■ DATA BLOCK
= = = =

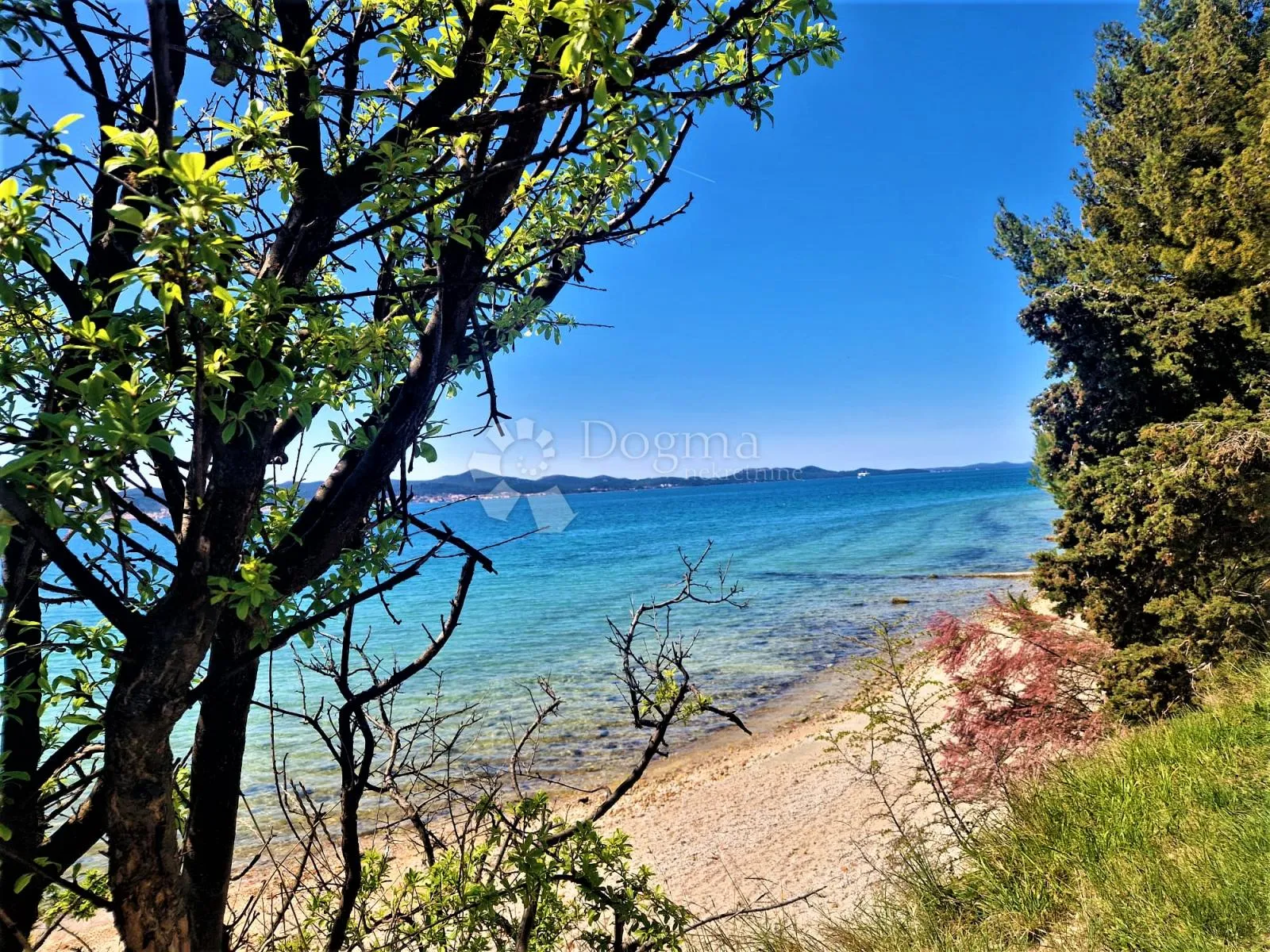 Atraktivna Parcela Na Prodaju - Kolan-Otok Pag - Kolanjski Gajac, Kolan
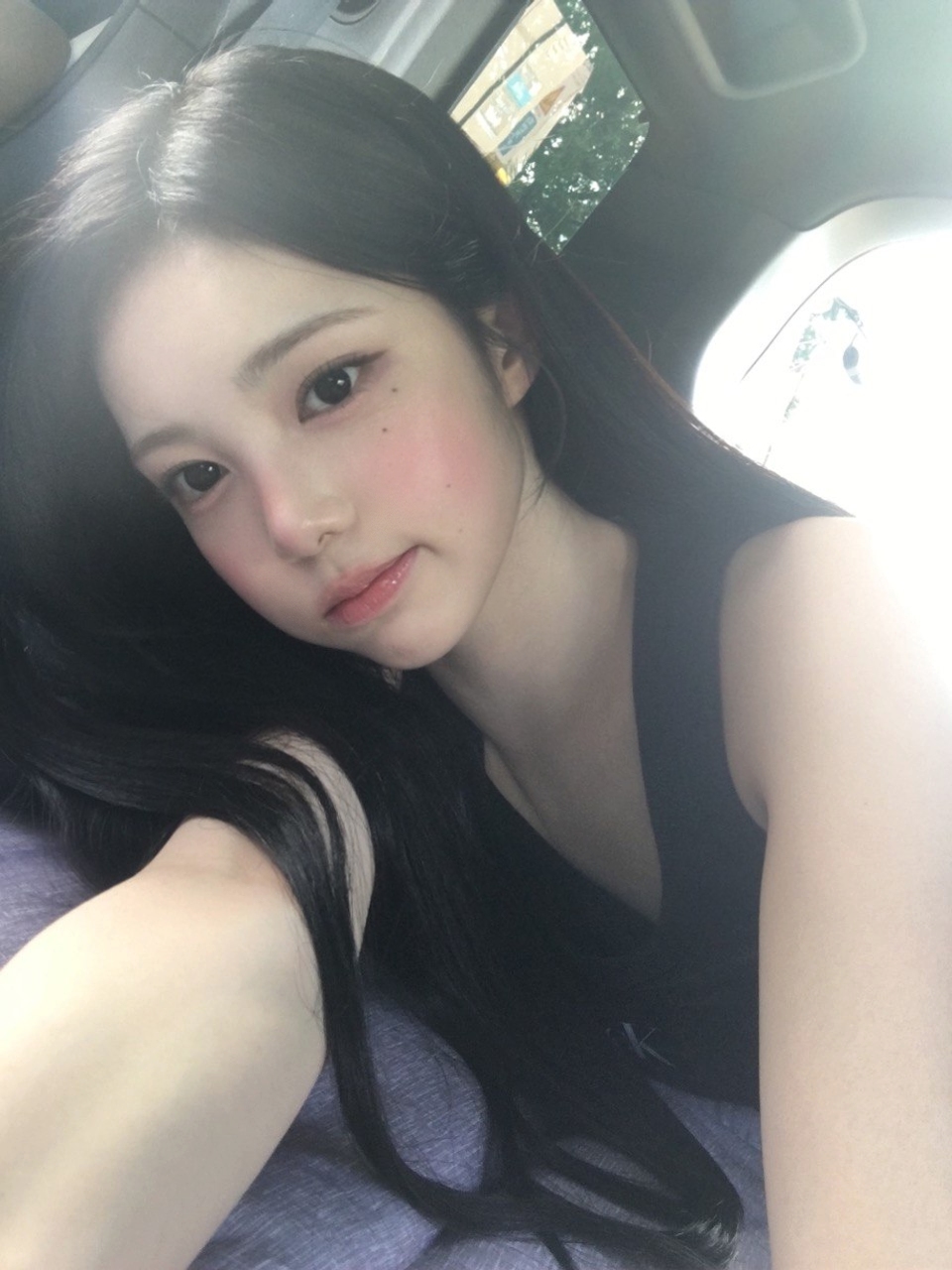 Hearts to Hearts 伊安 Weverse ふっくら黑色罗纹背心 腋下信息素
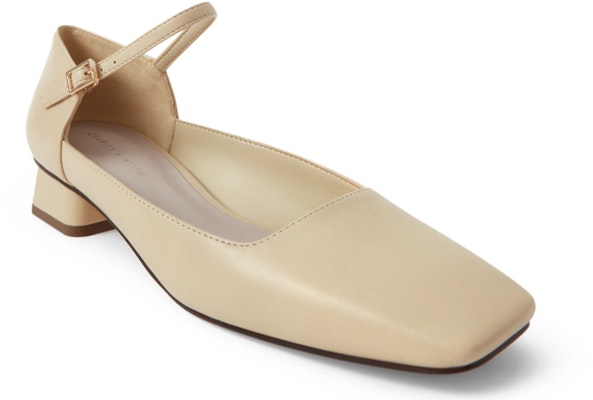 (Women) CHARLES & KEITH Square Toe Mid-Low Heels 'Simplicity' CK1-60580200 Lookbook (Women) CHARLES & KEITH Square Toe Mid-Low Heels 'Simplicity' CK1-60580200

= = = =

■ AIM OF THE TASK
Leave the images out and transcribe the rest of the material exactly.

■ ANSWER FOR THIS EXERCISE
 Atraktivna Parcela Na Prodaju - Kolan-Otok Pag - Kolanjski Gajac, Kolan
 Hearts to Hearts 伊安 Weverse ふっくら黑色罗纹背心 腋下信息素
 (Women) CHARLES & KEITH Square Toe Mid-Low Heels 'Simplicity' CK1-60580200 Lookbook (Women) CHARLES & KEITH Square Toe Mid-Low Heels 'Simplicity' CK1-60580200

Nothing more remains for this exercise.